Stock News 2010: 6 firms challenge SM bid for Boni South

A Philippine Air Force Puma Helicopter carryin...Image via Wikipedia
SIX FIRMS have expressed interest in challenging the unsolicited bid of SM Land Inc. to develop the 33.1-hectare Bonifacio South property.

Ayala Land Inc., Filinvest Land Inc., Jones Lang La Salle Leechiu, Megaworld Corp., Robinsons Land Corp. and Rockwell Land Corp. all bought bidding documents for the project, according to Aileen Zosa, executive vice president and spokesperson of the Bases Conversion and Development Authority.

Of the six that purchased the terms of reference for the eligibility requirements, she said three companies—Ayala, Filinvest and Rockwell—sent representatives to the pre-eligibility conference last September 3.

Daewoo International was also present at the conference, but did not buy the eligibility documents, she said. SM Land was likewise in the conference.

“These developments are strong indications of the confidence of private business in the Philippine real estate market and in the Aquino government as a whole,” Zosa said in a statement issued yesterday.

The property up for development is made up of parcels of land currently occupied by the Army Support Command (Ascom) and Special Services Unit (SSU) of the Philippine Army and the Bonifacio Naval Station (BNS) and Philippine Marine Corps (PMC) of the Philippine Navy.

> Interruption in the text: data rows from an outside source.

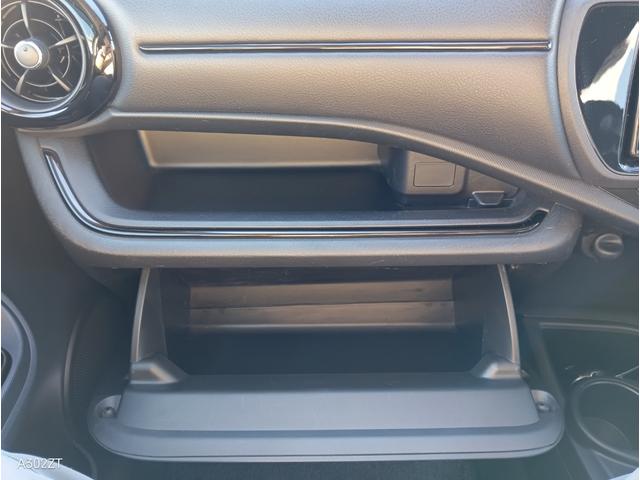 アクア Ｓスタイルブラック　トヨタセーフティーセンス　純正ナビ　Ｂカメラ　衝突軽減装置　車線逸脱警告　プッシュスタート　ＥＴＣ　スマートエントリー　フルセグＴＶ　ＴＲＤアルミ　オートライト　オートハイビーム　ダークブルーマイカ（34枚目）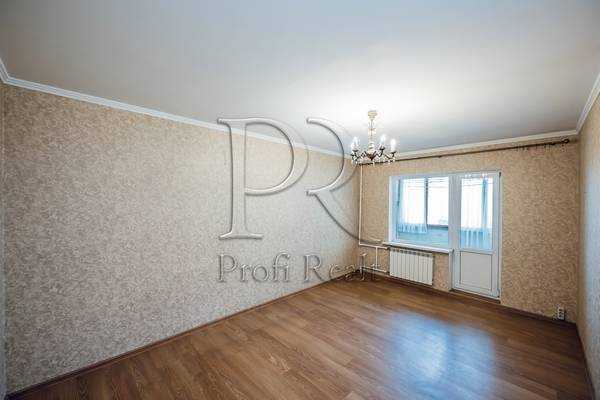 Продажа 3-комнатной квартиры 74 м², Драгоманова ул., 23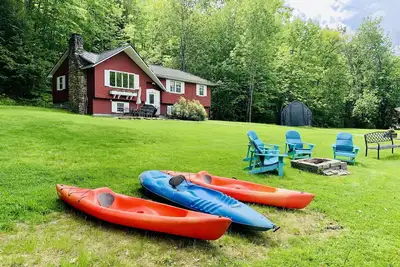 Image de Perfect Lake or Mountain Getaway Less Than 5 Minutes Away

The Bonifacio South master plan provided for the development of the BNS/PMC/Ascom/SSU area into a medium- to high-density residential and mix-use complex, with a strong institutional component and a maximum allowable gross floor area of 1.36 million square meters.

The entire property is located along Lawton Avenue, separated from the Jusmag property by the National Mapping and Resource Information Authority area and a six-hectare strip of land retained by the Philippine Army.

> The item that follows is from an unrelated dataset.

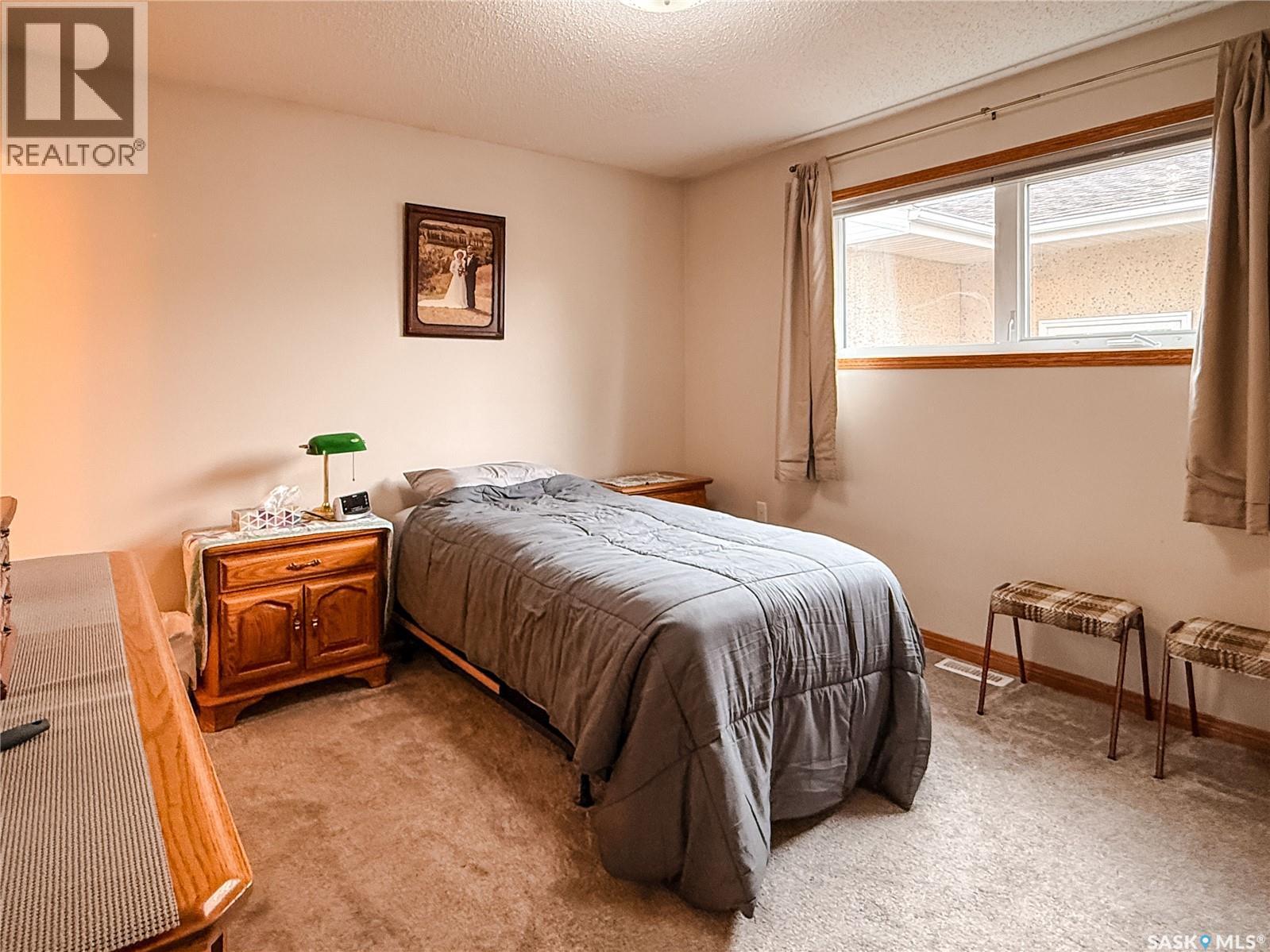 95 Pappas CRESCENT - 24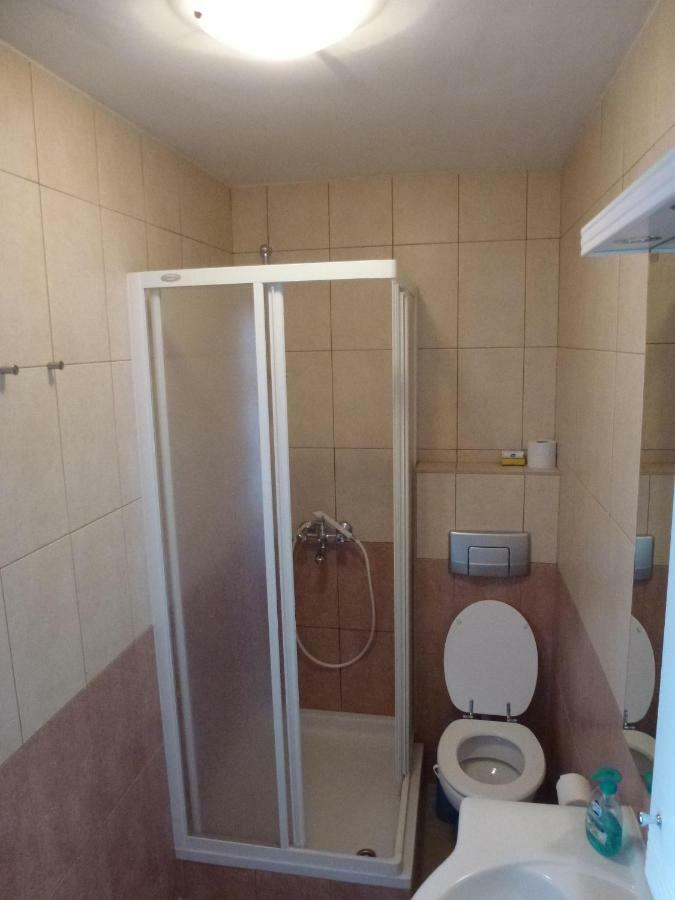 Apartmani Neva Supetar Exterior foto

SM Land’s unsolicited proposal for the development of the property offered an upfront cash payment of P2 billion upon signing of the joint-venture contract with the Bases Convertion and Development Authority (BCDA).

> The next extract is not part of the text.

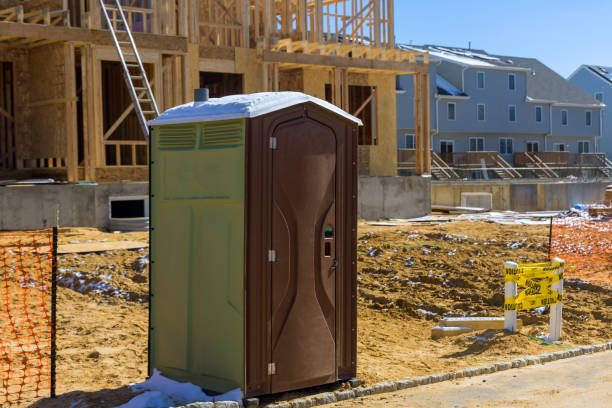 Best Portable restroom trailer rental  in East End, AR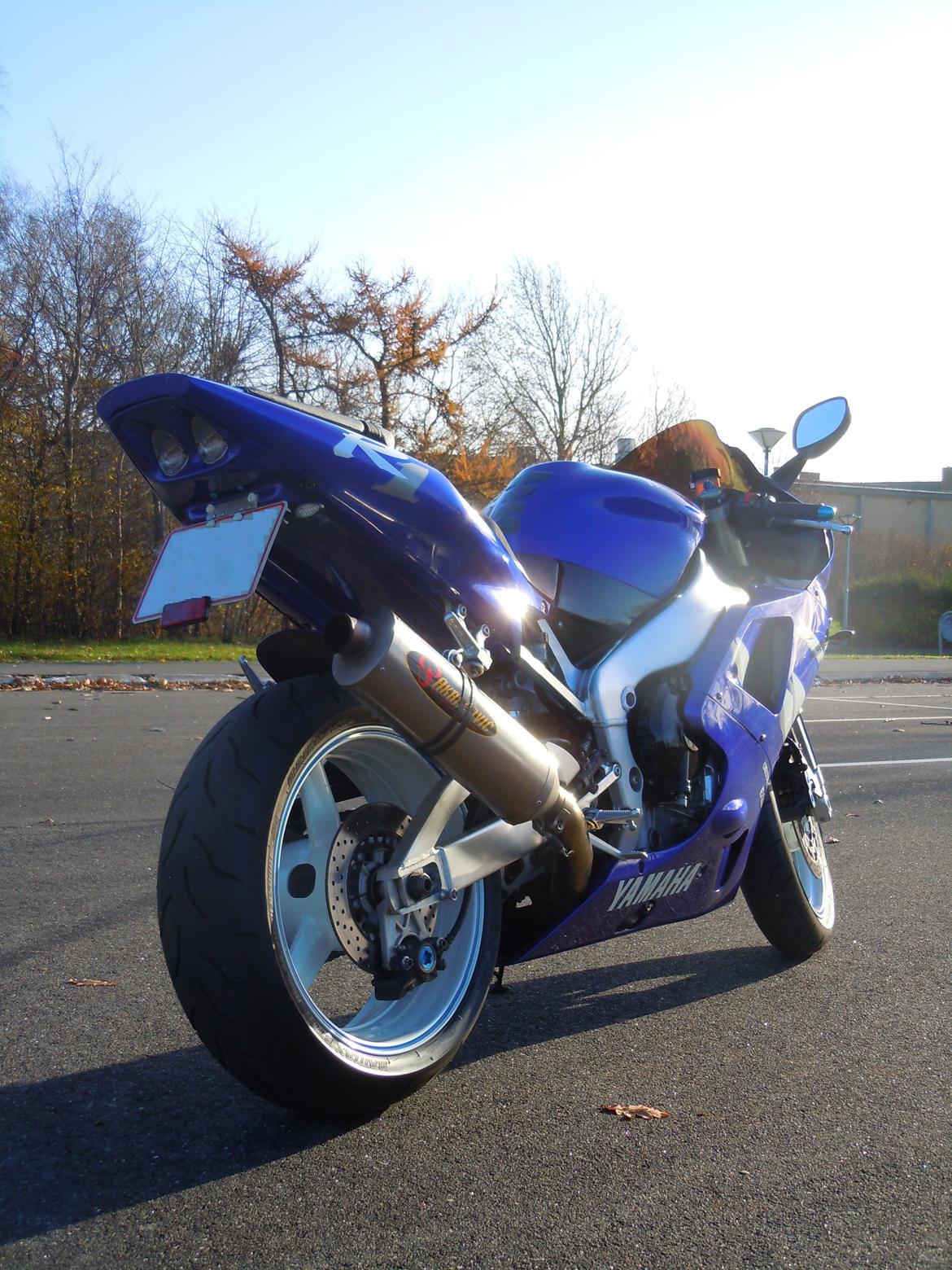 Yamaha R1 billede 8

The property developer likewise committed yearly revenues amounting to P25.9 billion for 20 years for a present value of P36,900 a square meter.

Apart from these commitments, SM Land also offered to advance the funds needed to replace the military facilities that would be affected by the development. No amount was pegged for this part of the venture as the BCDA was still reviewing how much the transfer would cost.

Zosa said that for SM Land to get the project, it should match the best offer to be made by the challengers. If SM Land is unable to match, the company with the best technical and financial proposals will be awarded the contract.